Wednesday, September 29, 2010

Waiting for the Great Pumpkin: Epherma & Other Epiphanies

As a connoisseur of vintage Hallowe'en dross and other ephemera, I keep a keen watch on pumpkin crop predictions.  However, unlike previous years where I just wait for The Weather Network to run some human interest story to fill in the gaps between the rote repetition of plausible but improbable predictions about the weather, this year I planned an Homeric bicycle tour of local artisan pumpkin nurturers ('organic farming' is so over, the more holistic 'food nurturing' is topping teen trend charts at the moment) to survey their colour, heft, and general orbness personally.

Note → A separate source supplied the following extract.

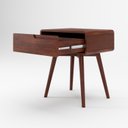 Ver imagem 4 de Mesa de Cabeceira Esquerda com Pés Kairos Marrom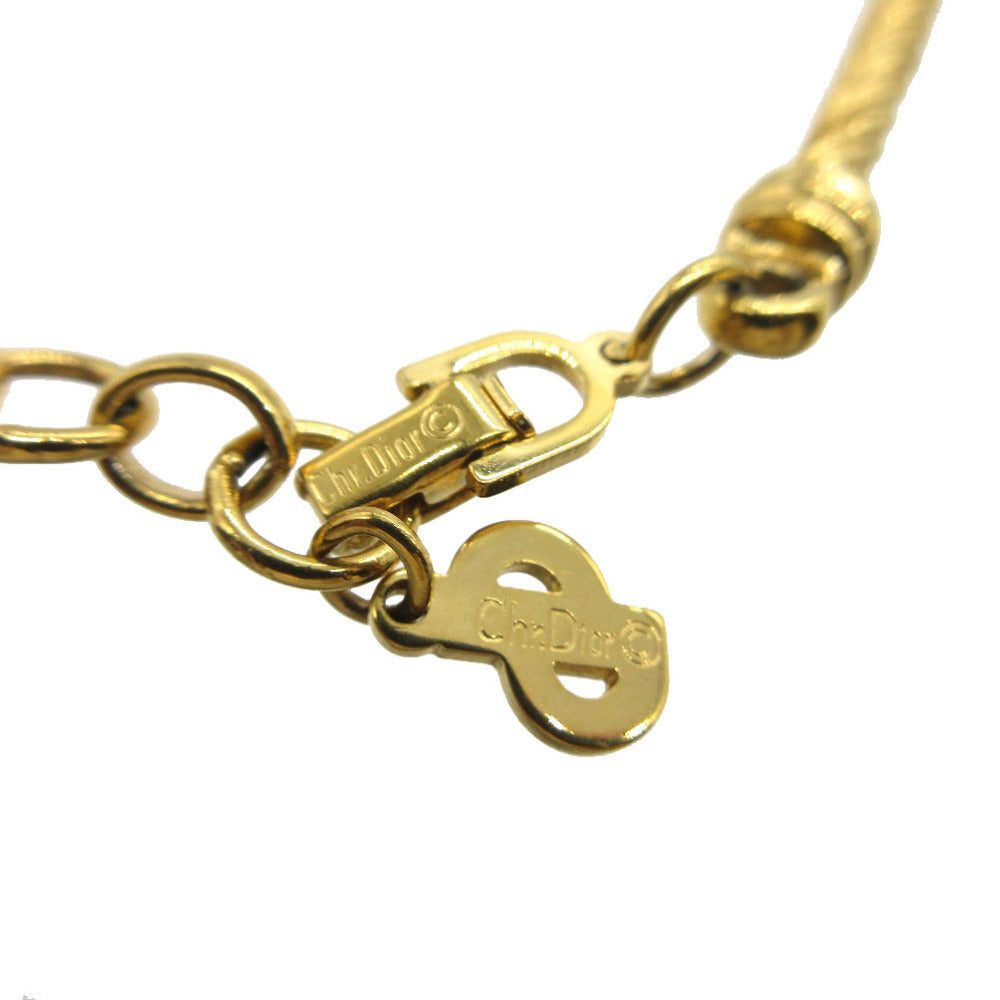 Christian Dior Necklace metal gold   Choker Rope Women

Pumpkin surveying is thankless work.
In preparation for my fantastic voyage, I donned a pair of vintage Rayban Wayfarers, enwrapped myself in a plaid hoodie to brace myself against the frigid elements, and saddled 200lbs of touring supplies on my moderately immoral and sniffly brakeless touring bike (I stop by the sheer power of my will), and then walked it down the sidewalk like a pretentious twat

Walking my moderately immoral and sniffly brakeless touring bike of doom down the sidewalk to the outskirts of town, I realized that I would be missing tomorrow's much vaunted Art Spin finale.  Since traveling trivial distances by bicycle to view trivial visual stimulus is also an important part of my life, I decided to catch The Weather Network's round the clock coverage of this season's pumpkin nurturing on the TV later and turned back to prepare for the Art Spin ride instead.

Wondering about the proposed route for the Art Spin ride, I sat down beneath a tree and pulled out my Toronto Cycling Map to review what route planning the City of Toronto thought fit to send cyclists out upon.  However after staring at the map for sometime in a desperate search for some sensible and meaningful route, my mind gradually began to wander and my eyesight began to blur.  Gradually my sight focused and my mind noticed, not the bike lanes and proposed routes, but the enormous blank spaces between them.

I saw meaningless stubs and yawning chasms and began to feel strangely trapped.  Gripped by this alien sense of entrapment, I wondered when new urban planning would liberate Toronto with more facilitating infrastructure till a kindly hobo interrupted my train of thought and offered me a cupcake and a swig of his bourbon.  We chewed the moist cupcake in thoughtful silence when he suddenly extended a hand and introduced himself: "Estragon."  At that moment, I was suddenly seized by a realization so shocking I nearly added extra cushioning to my riding shorts.

I glanced up at the barren tree leaning over me.  Sitting under a barren tree?  With a hobo named Estragon?  Waiting for something that will never come in my life time?  And then I saw it...

I fell into a dizzy stupour and swooned into the kindly hobo's arms.  Coming to my senses, I stuttered madly like St Michael of Monday, so overflowing was I with prophetic revelation.  The hallmarks were all there: the apparent randomness of our journey; the search for meaning and guidance; the ultimate realization of the aimlessness of it all; the frustration and despair at the emptiness and the sense of insignificance; the attempt to impose a path to meaning and instill a sense of personal significance from within if not from without.

A gap in a bike lane that dead ends a few blocks away anyway?

Yes, I suddenly understood: Toronto's infrastructure isn't real infrastructure at all; it's actually an enormous Absurdist art installation.

Seen in Etobicoke: 'Use other sidewalk'?  What other sidewalk?!
Toronto cyclists aren't participants in an alternate modal scheme; they're the audience of the greatest wool-pulling in human history.  They pick their way across a patchwork of ridiculous routes, encountering disparate and random bits of 'infrastructure' that appear to offer meaningful guidance but ultimately lead no where.  Some search for guidance, but find none and begin to despair.  In the face of such despair, some impose their own routing of their journey and set forth regardless, while others wait for the Godot of Progressive Infrastructure under the wilting tree of city hall.

This realization got me wondering: who needs Art Spin when there's an entire exhibit waiting outside your door?